Тогда, говорю, надо поскорее Гуттенберга проклясть как самого главного упрощенца и лентяя — лишь отмахнулся от меня раздраженно. Зря: надо, Платон этого не стеснялся; в красочном «Федре»:

Так вот, я слышал, что близ египетского Навкратиса родился один из древних тамошних богов, которому посвящена птица, называемая ибисом. А самому божеству имя было Тевт. Он первый изобрел число, счет, геометрию, астрономию, вдобавок игру в шашки и в кости, а также и письмена. Царем над всем Египтом был тогда Тамус, правивший в великом городе верхней области, который греки называют египетскими Фивами, а его бога — Аммоном. Придя к царю, Тевт показал свои искусства и сказал, что их надо передать остальным египтянам. Царь спросил, какую пользу приносит каждое из них. Тевт стал объяснять, а царь, смотря по тому, говорил ли Тевт, по его мнению, хорошо или нет, кое-что порицал, а кое-что хвалил. По поводу каждого искусства Тамус, как передают, много высказал Тевту хорошего и дурного, но это было бы слишком долго рассказывать. Когда же дошел черед до письмен, Тевт сказал: «Эта наука, царь, сделает египтян более мудрыми и памятливыми, так как найдено средство для памяти и мудрости». Царь же сказал: «Искуснейший Тевт, один способен порождать предметы искусства, а другой — судить, какая в них доля вреда или выгоды для тех, кто будет ими пользоваться. Вот и сейчас ты, отец письмен, из любви к ним придал им прямо противоположное значение. В души научившихся им они вселят забывчивость, так как будет лишена упражнения память: припоминать станут извне, доверяясь письму, по посторонним знакам, а не изнутри, сами собою. Стало быть, ты нашел средство не для памяти, а для припоминания. Ты даешь ученикам мнимую, а не истинную мудрость. Они у тебя будут многое знать понаслышке, без обучения, и будут казаться многознающими, оставаясь в большинстве невеждами, людьми трудными для общения; они станут мнимомудрыми вместо мудрых.»

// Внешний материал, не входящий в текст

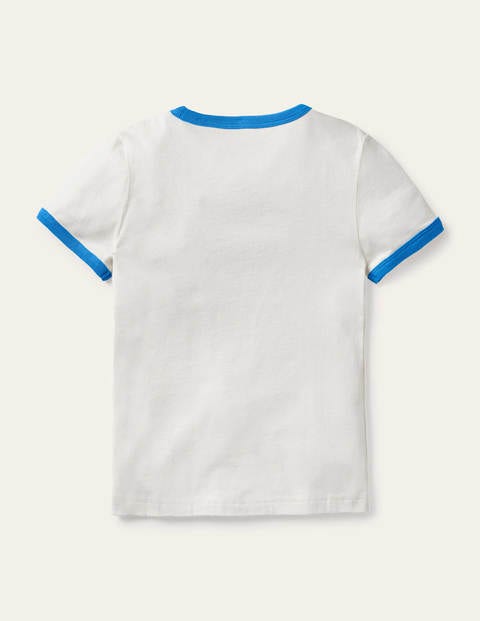 Graphic T-shirt - White Dinos Graphic T-shirt - White Dinos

     Когда Платон это писал, никаких библиотечных карточек еще не было; скоро их снова не станет. А письмена?

Труд, несомненно, важен. Только надо различать труд-овладение носителем и труд-усвоение содержания. Они связаны, но из облегчения первого вовсе не обязательно следует облегчение второго, однако, когда все удобно и под рукой, на понимание остается больше сил и времени. Кроме того, в начале понимания книги лежит никак не труд, а осознанность обращения к ней. Труд для нее может служить катализатором, но ни ее причиной, ни условием ее появления он не является. Более того, сформировавшаяся осознанность, чтобы воплотиться, с необходимостью спровоцирует труд. Зато труд сам по себе может случиться и безо всякой осознанности. Требовать от просвещаемых осознанности сложно: проверять неудобно. А требовать труда — это запросто: смотрят, смотрят, смотрят, а видят — не-книгу.

Публикации из того разговора не вышло: через полчаса мы едва не разругались, и, чтобы сохранить остатки самообладания, я оставил попытки выстроить беседу с прославленным режиссером. Правду говорят: солнцеподобных кумиров руками лучше не касаться — позолота сползает и липнет к пальцам.

 

Заполдень солнце лезет в квартиру с другой стороны дома. Печет сильно: жара, духота — послеобеденное марево. Окно выходит на беспокойную улицу: пыль, шум, ругань на перекрестке.

Когда мы въехали сюда, на всех окнах были занавески. Со стороны двора мы их вовсе сняли, а с уличной стороны, наоборот, усилили: прикрутили плотную рулонную штору.

На оконном стекле лабораторным карандашом я написал признание в любви, и пока стареющее солнце хоронится за наступающими с Запада новостройными кварталами-муравейниками, тень от надписи ползет по шторе вверх.